The new service will, as its name suggests, tie in with the Microsoft email program of the same name that is part of the company’s popular Office suite of business software.

Microsoft touted the new system as the biggest change in web-based email since the introduction of Hotmail in 1996. Microsoft bought the company a year later for an estimated 400 million dollars.

According to a blog posting by product manager Chris Jones, Outlook.com combines contact information from emails and popular social networking services such as Facebook, Twitter, LinkedIn and Google Plus.

Featuring a minimalist design, the new service boasts powerful tools for sorting emails, including automatic recognition of newsletters, social media updates and junk mail that, according to Jones, accounts for some 70 per cent of inbox content.

The service also automatically recognises emails with photos, documents or shipping information attached and sends these to pre-selected folders.

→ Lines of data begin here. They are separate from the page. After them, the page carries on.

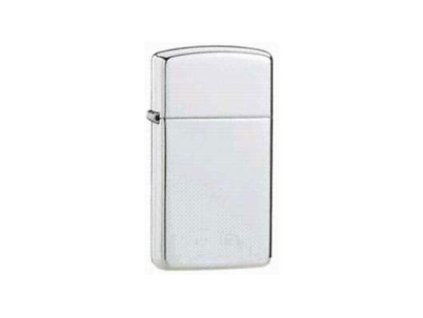 Zapalovač zippo - leštěné stříbro 28006 SLIM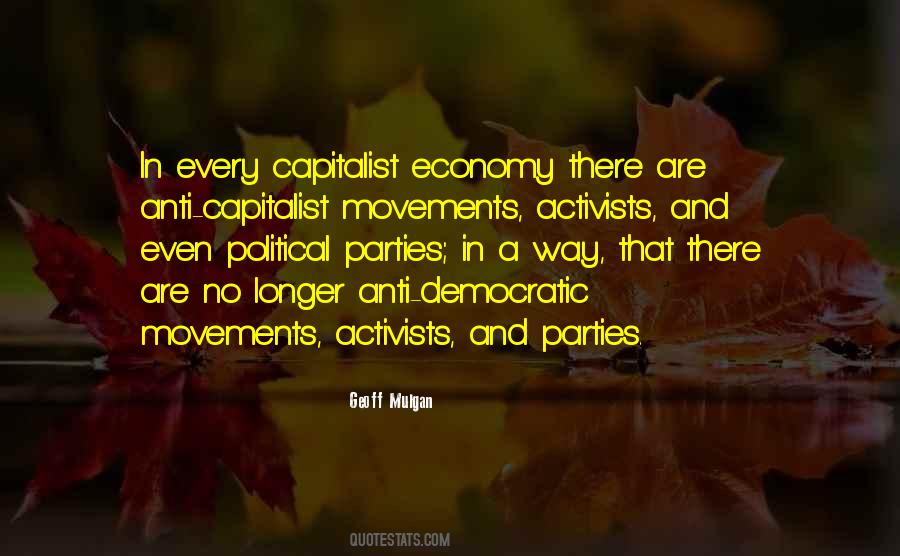 Anti Capitalist Quotes #580643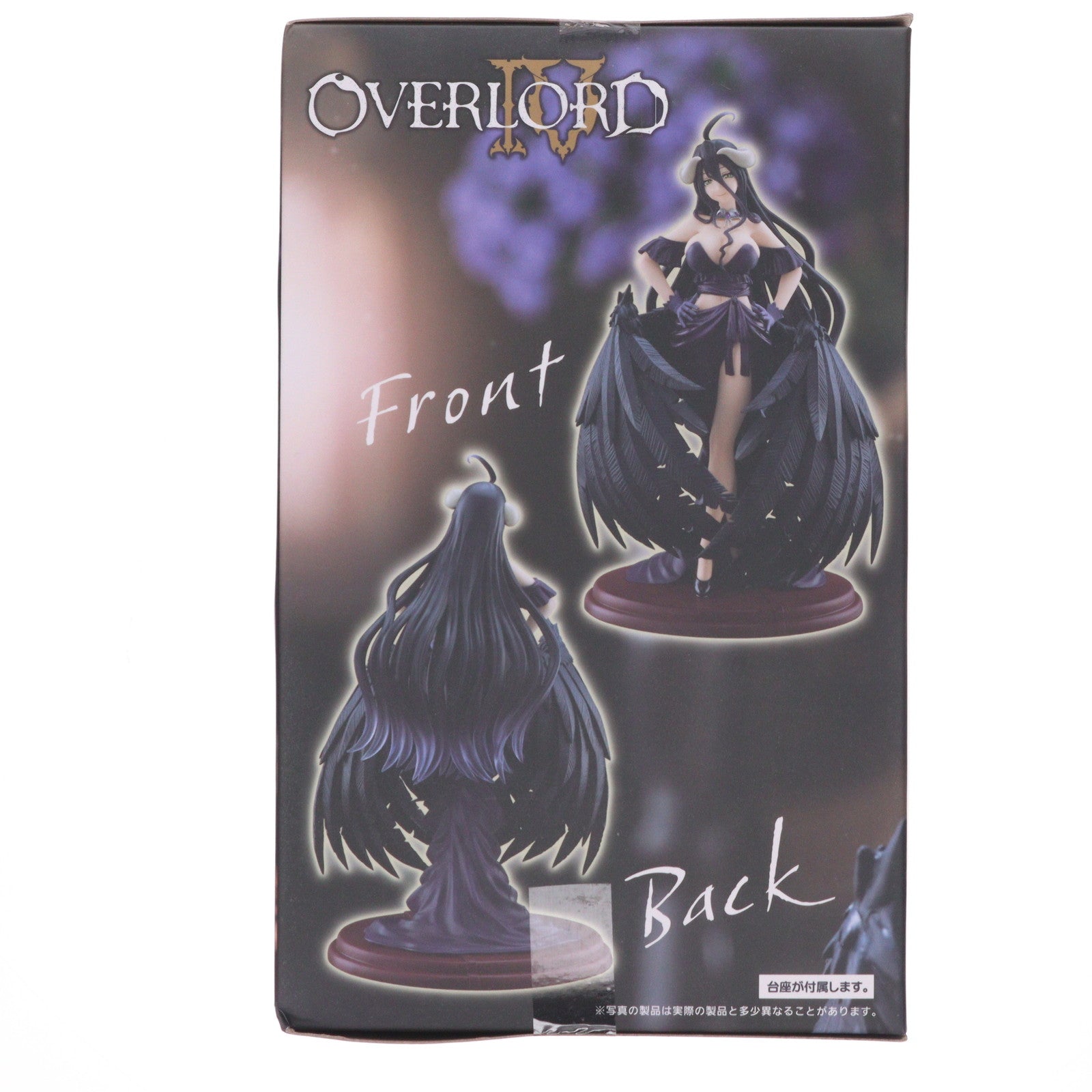 【中古即納】[FIG] アルベド オーバーロードIV AMP+ アルベド フィギュア～黒ドレス ver.～ プライズ(451616500) タイトー(20230831)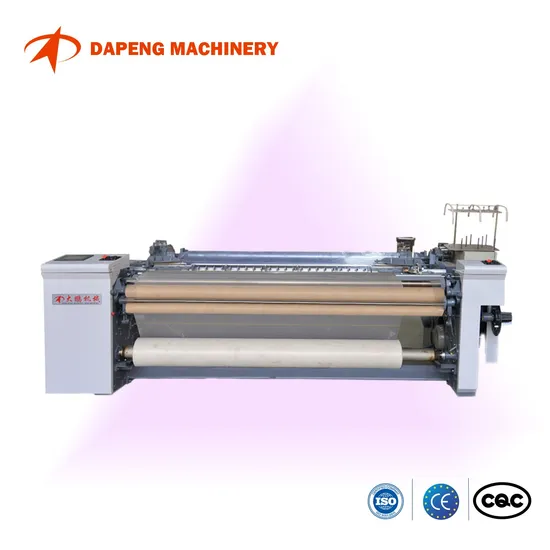 Dapeng Factory Price Plastic Arab Headscarf Velvet Fabric Terry Towel Jacquard Jute Fabric Textile Loom Machine Weaving Rapier From Qingdao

While the free service is ad-supported, Microsoft said that unlike Google’s Gmail service the ads will not be related to the content of users’ emails.

“We don’t scan your email content or attachments and sell this information to advertisers or any other company, and we don’t show ads in personal conversations,” Jones said.

He said that Outlook.com was launched on Tuesday in a preview period and that eventually all Hotmail users would be switched to the new service. No date was given for the transition.